Key Concepts and Formulas

• Differentiability at a point: A function $f(x)$ is differentiable at a point $x=a$ if the limit $\lim_{h \to 0} \frac{f(a+h) - f(a)}{h}$ exists. This is equivalent to checking if the left-hand derivative (LHD) equals the right-hand derivative (RHD) at that point.
  • LHD at $x=a$: $\lim_{h \to 0^-} \frac{f(a+h) - f(a)}{h} = f'(a^-)$
  • RHD at $x=a$: $\lim_{h \to 0^+} \frac{f(a+h) - f(a)}{h} = f'(a^+)$
• Continuity: A function must be continuous at a point to be differentiable at that point. If a function is not continuous at a point, it cannot be differentiable there.
• Differentiability of standard functions:
  • Polynomials are differentiable everywhere.
  • $|x|$ is not differentiable at $x=0$.
  • $x^2$ is differentiable everywhere.
• Piecewise functions: Differentiability needs to be checked at the points where the definition of the function changes. We also need to check for continuity at these points.

Step-by-Step Solution

First, let's analyze the given function $f(x)$. The function is defined in pieces based on the value of $|x|$. The interval of interest is $(-4, 4)$.

The function is given by: f\left( x \right) = \left\{ {\matrix{ {\max \left\{ {\left| x \right|,{x^2}} \right\}} & {\left| x \right| \le 2} \cr {8 - 2\left| x \right|} & {2 < \left| x \right| \le 4} \cr } } \right.

Let's break down the definition of $f(x)$ into different intervals for $x$ in $(-4, 4)$.

Part 1: Analyzing $f(x)$ for $|x| \le 2$

This condition means $-2 \le x \le 2$. In this interval, $f(x) = \max\{|x|, x^2\}$. We need to determine when $|x| \ge x^2$ and when $x^2 \ge |x|$.

• Case 1: $|x| \ge x^2$. This occurs when $x^2 - |x| \le 0$. Let $y = |x|$. Then $y^2 - y \le 0 \implies y(y-1) \le 0$. This inequality holds for $0 \le y \le 1$. Substituting back $y = |x|$, we get $0 \le |x| \le 1$. This means $-1 \le x \le 1$. So, for $x \in [-1, 1]$, $f(x) = |x|$.

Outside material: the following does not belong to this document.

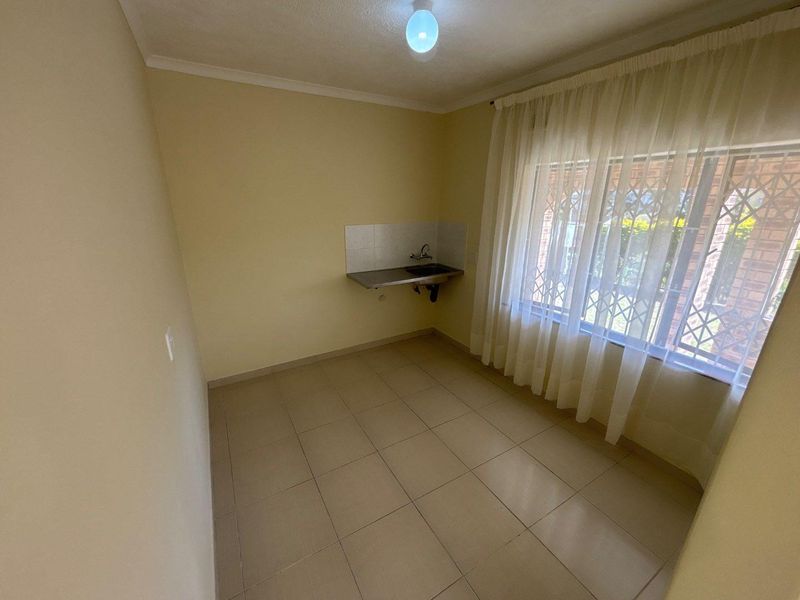 A compact, empty kitchen area featuring tiled flooring, a stainless steel sink with a tiled splashback, and a window with security bars.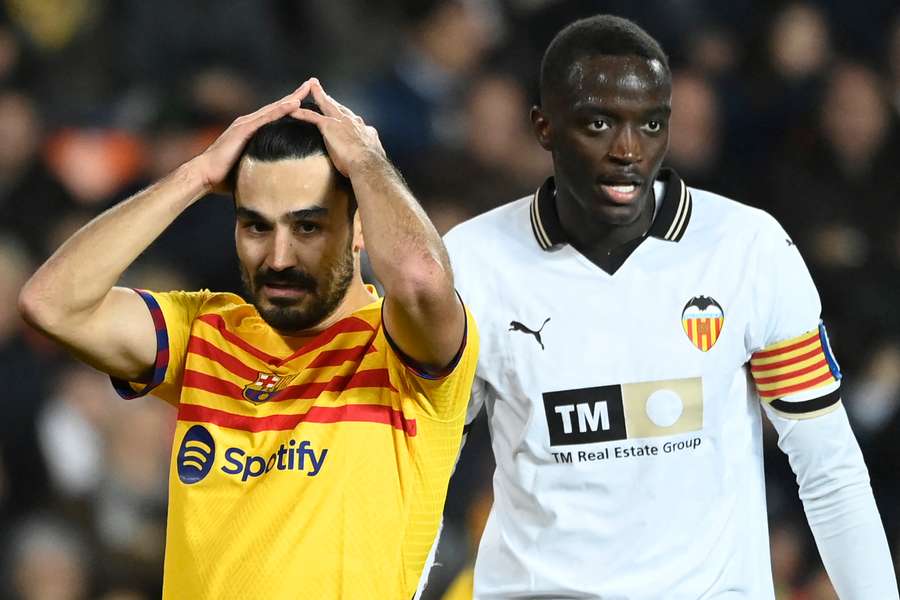 Barcelona's German midfielder #22 Ilkay Gundogan reacts next to Valencia's Guinean defender #04 Mouctar Diakhaby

• Case 2: $x^2 \ge |x|$. This occurs when $x^2 - |x| \ge 0$. This inequality holds for $|x| \le 0$ or $|x| \ge 1$. Since $|x| \ge 0$, $|x| \le 0$ implies $|x|=0$, which means $x=0$. So, we have $x=0$ or $|x| \ge 1$. Considering the interval $|x| \le 2$, this means $1 \le |x| \le 2$. This corresponds to $x \in [-2, -1] \cup [1, 2]$. So, for $x \in [-2, -1] \cup [1, 2]$, $f(x) = x^2$.

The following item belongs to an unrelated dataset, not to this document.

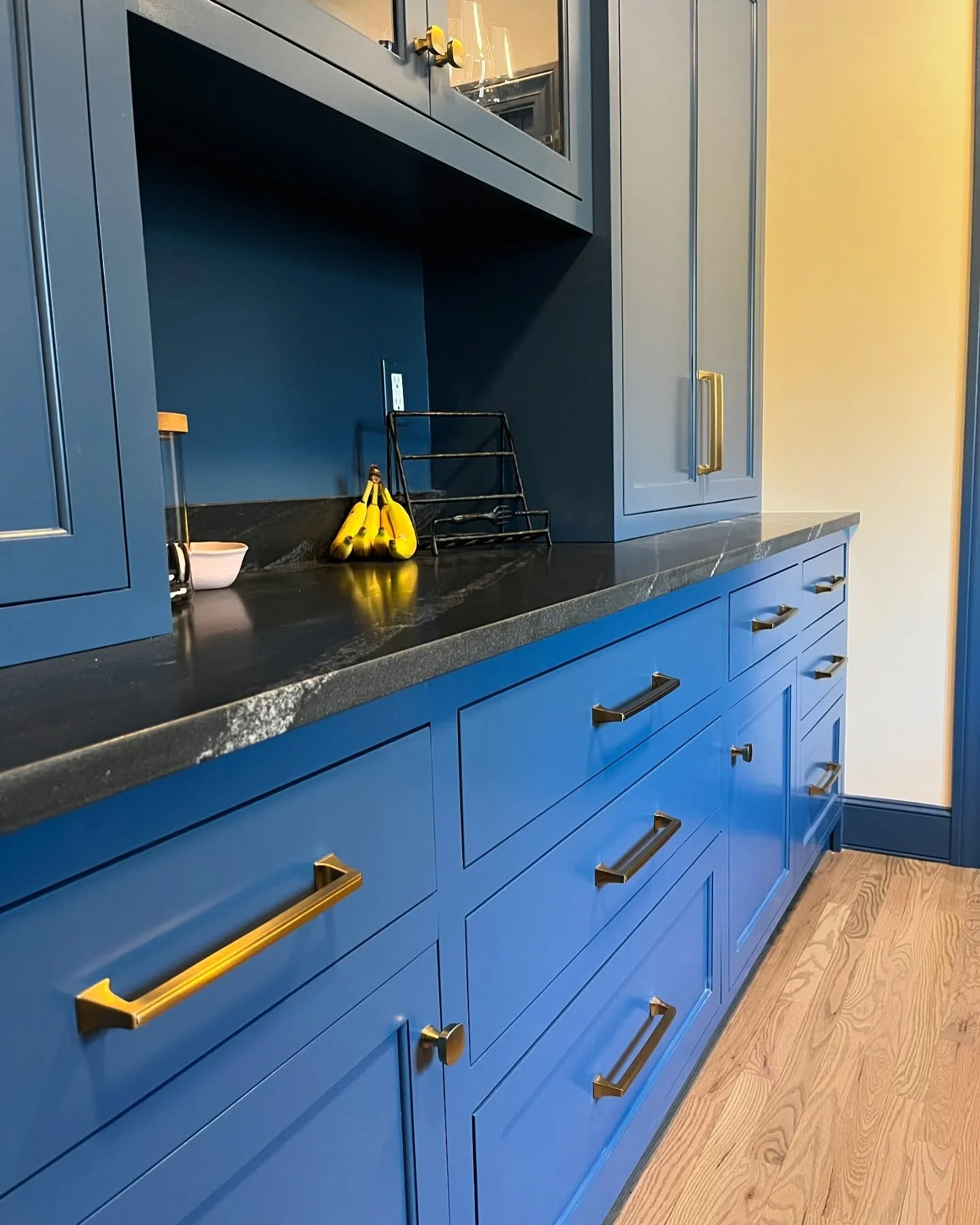 Blue kitchen cabinets with black countertop, gold handles, a banana bunch, a black wire rack, and a wood floor. Heartwood Renovations. West Hartford, CT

Combining these, for $|x| \le 2$ (i.e., $-2 \le x \le 2$): f(x) = \left\{ {\matrix{ {x^2} & { - 2 \le x \le - 1} \cr {\left| x \right|} & { - 1 < x < 1} \cr {{x^2}} & {1 \le x \le 2} \cr } } \right.

Part 2: Analyzing $f(x)$ for $2 < |x| \le 4$

This condition means $2 < x \le 4$ or $-4 \le x < -2$. In this interval, $f(x) = 8 - 2|x|$.

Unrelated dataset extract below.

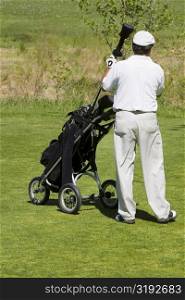 Rear view of a man taking out a golf club from a golf bag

• If $2 < x \le 4$, then $|x| = x$, so $f(x) = 8 - 2x$.
• If $-4 \le x < -2$, then $|x| = -x$, so $f(x) = 8 - 2(-x) = 8 + 2x$.

Putting it all together, the piecewise definition of $f(x)$ on $(-4, 4)$ is: f\left( x \right) = \left\{ {\matrix{ {8 + 2x,} & { - 4 \le x \le - 2} \cr {{x^2},} & { - 2 \le x \le - 1} \cr {\left| x \right|,} & { - 1 < x < 1} \cr {{x^2},} & {1 \le x \le 2} \cr {8 - 2x,} & {2 < x \le 4} \cr } } \right.

Now, we need to find the points in $(-4, 4)$ where $f(x)$ is not differentiable. The potential points of non-differentiability are the points where the definition of the function changes, which are $x = -2, -1, 1, 2$. We also need to consider points where the constituent functions are not differentiable, such as $x=0$ for $|x|$.

Step 1: Check for continuity at the points where the definition changes.

• At $x = -2$:

  • Left limit: $\lim_{x \to -2^-} f(x) = \lim_{x \to -2^-} (8 + 2x) = 8 + 2(-2) = 8 - 4 = 4$.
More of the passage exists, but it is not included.